Newer AWS service that facilitates the development of IoT programs. Data may be published, processed, and stored using its underlying MQTT broker and rules engine.

Pros: Works well for “constrained” (low-power, low-compute) edge devices with limited amounts of data. In this regard, both MQTT and the AWS IoT SDK were explicitly developed for this application.

  • Additional processing and storage services are required, which is a drawback. The new message length is 512 bytes.
  • It scales up by $5 million in messages every year.
  • A maximum of 128 kilobytes (KB) per message is permitted.
  • Generally Accepted Practices

We have calculated the expenses of each of these strategies under different data ingestion scenarios. Here are a few overarching interpretations to help you make sense of it all:

AWS IoT is likely required if your data producers have limited computing resources. An option to reduce the expense of data input is to use AWS Greengrass for edge buffering and processing.

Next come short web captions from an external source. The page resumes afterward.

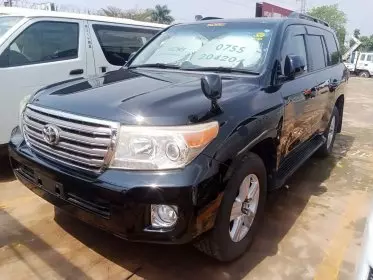 Toyota Landcruiser  V8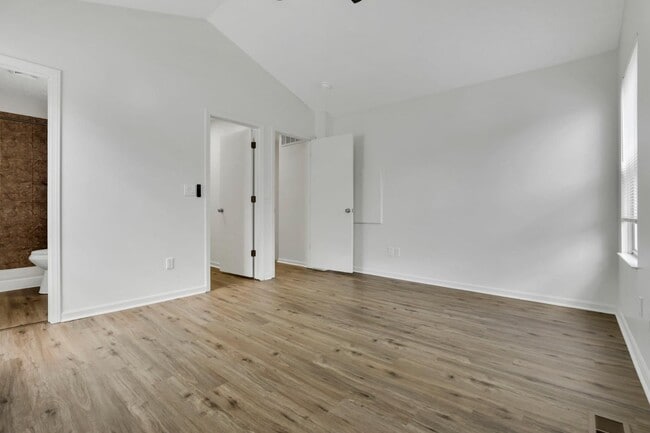 Building Photo - 3115 Omega Dr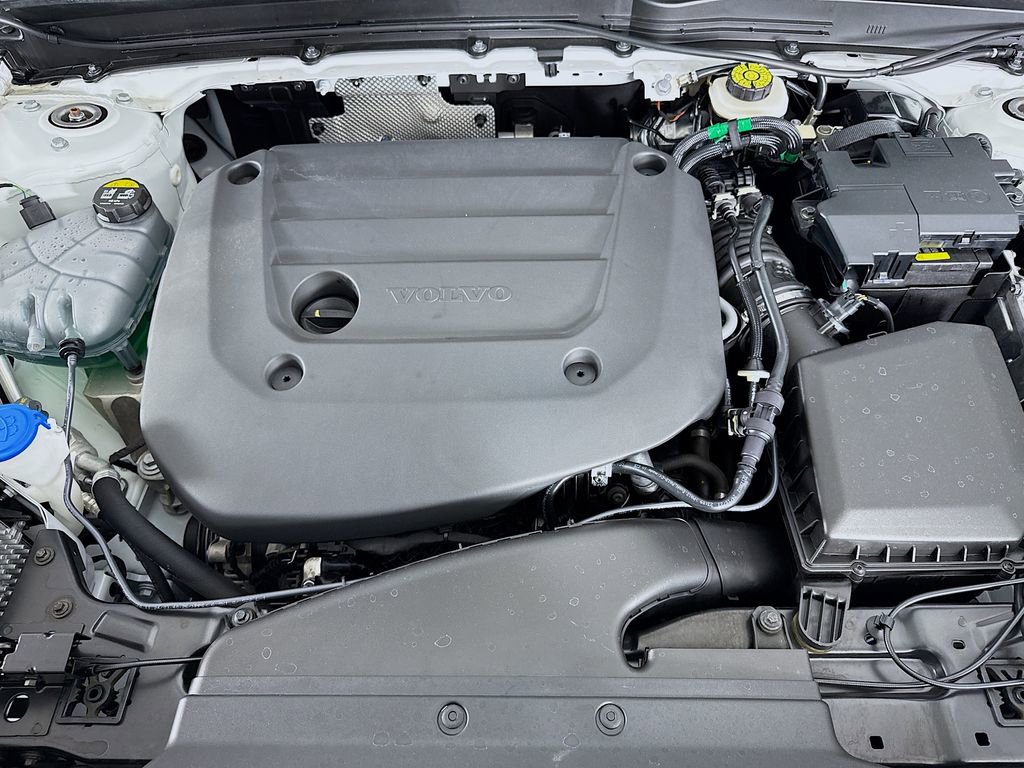 Used 2025 Volvo XC40 B5 Plus image 32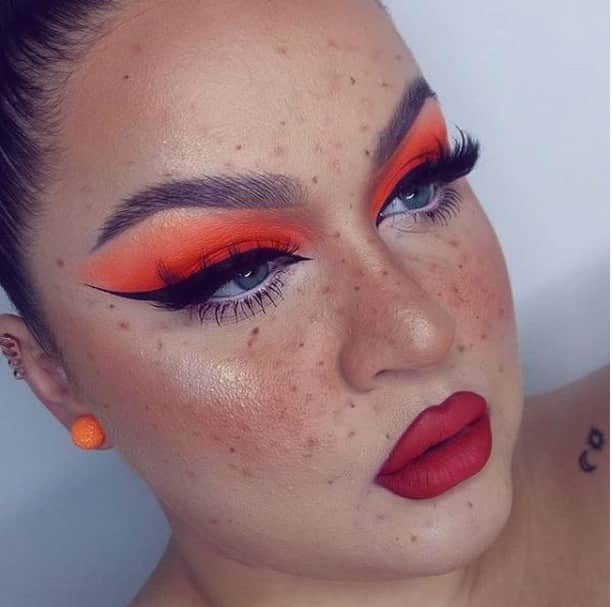 Makeup Addiction Cosmeticsさんのインスタグラム写真 - (Makeup Addiction CosmeticsInstagram)「Obsessed with this stunning orange look by @doyouevenblend⁣ #makeupartistsworldwide #makeupaddictioncosmetics #makeupaddiction  #flawlessdolls #makeupinspiration ⁣」4月1日 6時20分 - makeupaddictioncosmetics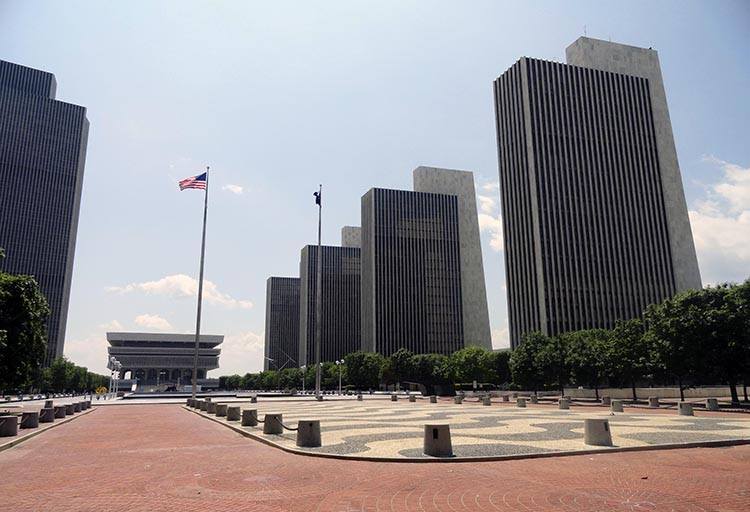 Empire State Plaza miasto Albany Nowy Jork USA ciekawostki atrakcje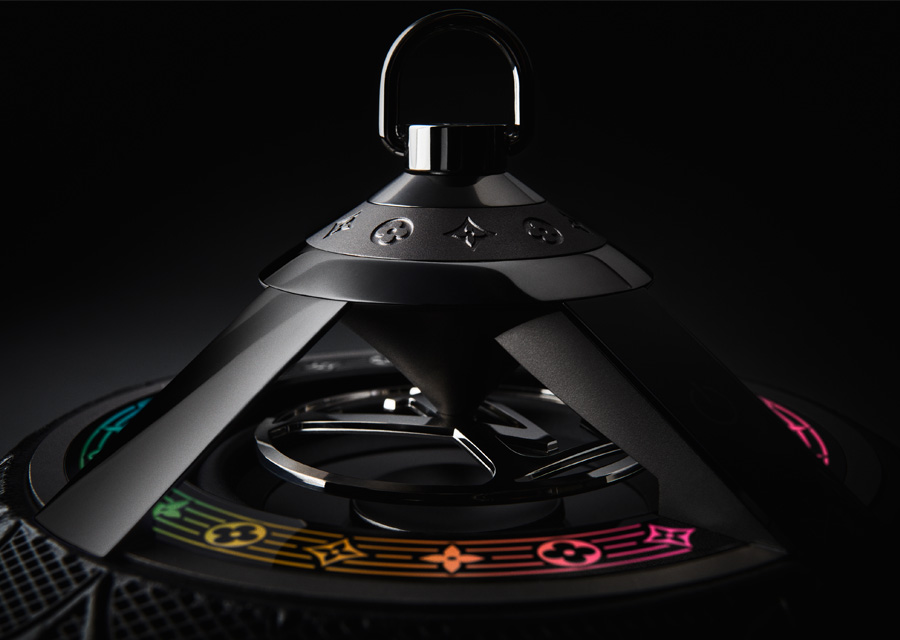 Discover the new Louis Vuitton Horizon Light Up speaker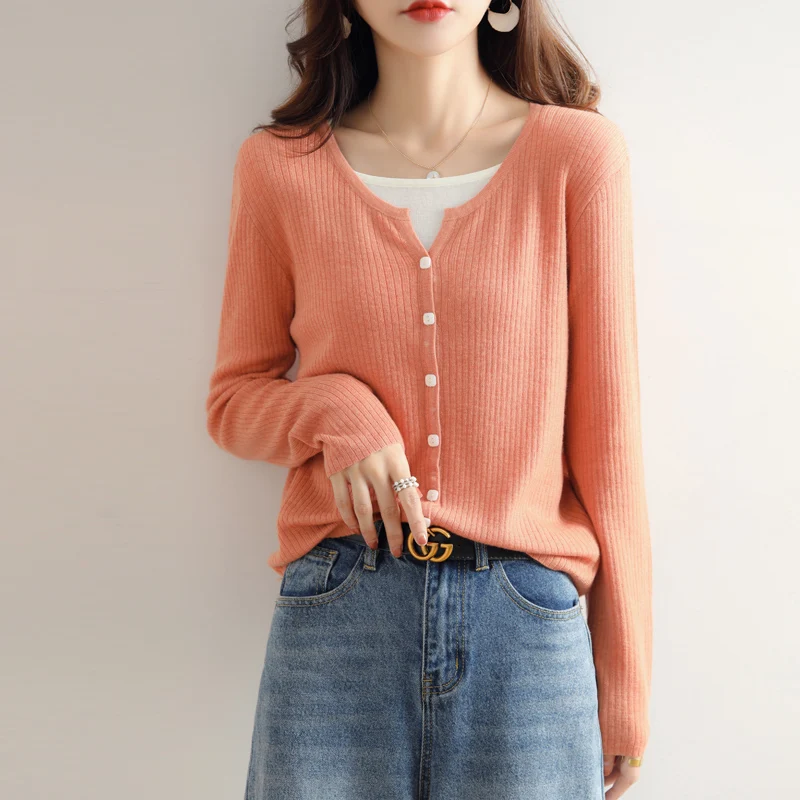 2023 spring and summer new V-neck cardigan women's casual solid color sweater loose versatile top thin knitted wool coat
2023 spring and summer new V-neck cardigan women's casual solid color sweater loose versatile top thin knitted wool coat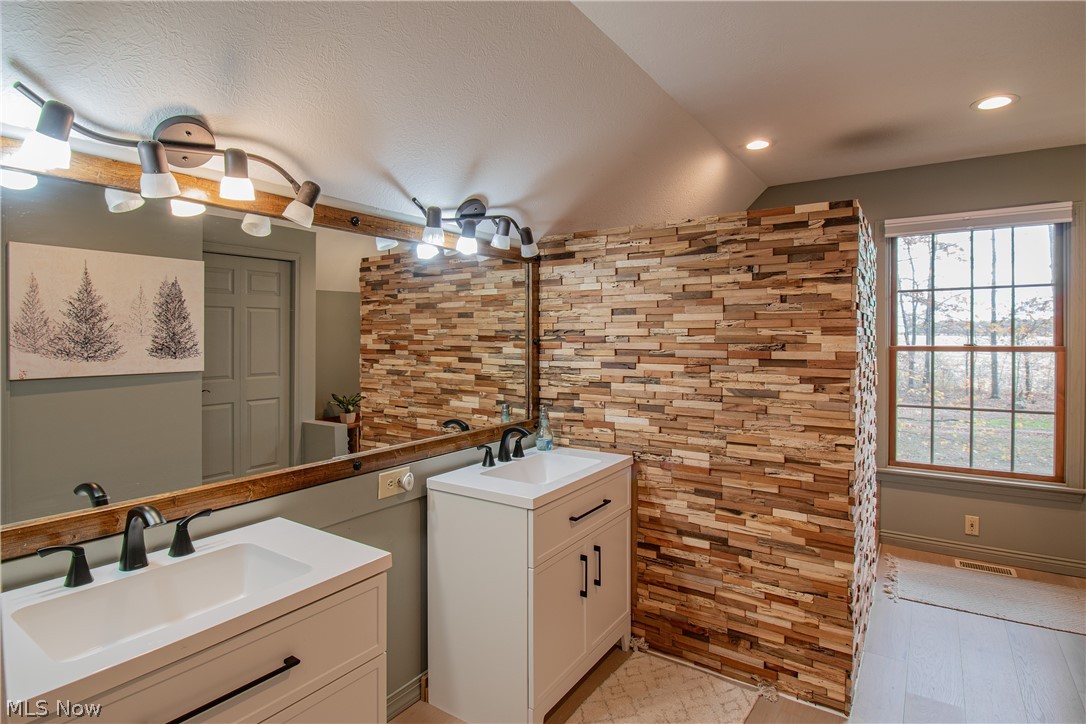 700 Stillwater Drive Deerfield OH 44411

Streams, Firehose, and S3 all cost less than a hundred dollars a month for under ten thousand PUTs per hour at fifty kilobytes each PUT. Therefore, cost need not be a primary design issue. Decide which service works best with your current setup.

That “don’t consider cost” threshold is closer to 100,000 PUTs per hour at 512 bytes or 1,000 PUTs per hour at 50 KB when using AWS IoT Service.

Kinesis Streams triumph over the competition when the number of PUT requests is significant, but the payload size is small (a few hundred bytes). The price for 10 million PUTs per hour with a 5 KB payload is only $255 per month, and with a 50 KB payload, it’s only $1,700 per month!

While Firehose is competitive up to around 10 terabytes per month, it begins to separate itself from Streams at that capacity. If the processing paradigm and ease of use of Firehose are what you want, and you’re not dealing with tens of terabytes of data each month, then go with that.

With a lot of data being put in at once and relatively little in size (10s of KB), S3 is not a good option. However, when you get closer to Kinesis’s 1 MB restriction, S3’s prices appear more competitive. Streams are $3400/mo for 1M PUTs/hr at 1MB, and S3 is $3600/mo. Consequently, when you go closer to more important things, you may want to consider S3 if its ease of use meets your requirements. Above 1MB, however, you will be limited to using S3.

Let’s hope this helps. Email us on Twitter at @trek10inc if you have any inquiries or suggestions on the AWS data ingestion possibilities.

While at it, look at how AWS Lambda’s pricing stacks up against EC2.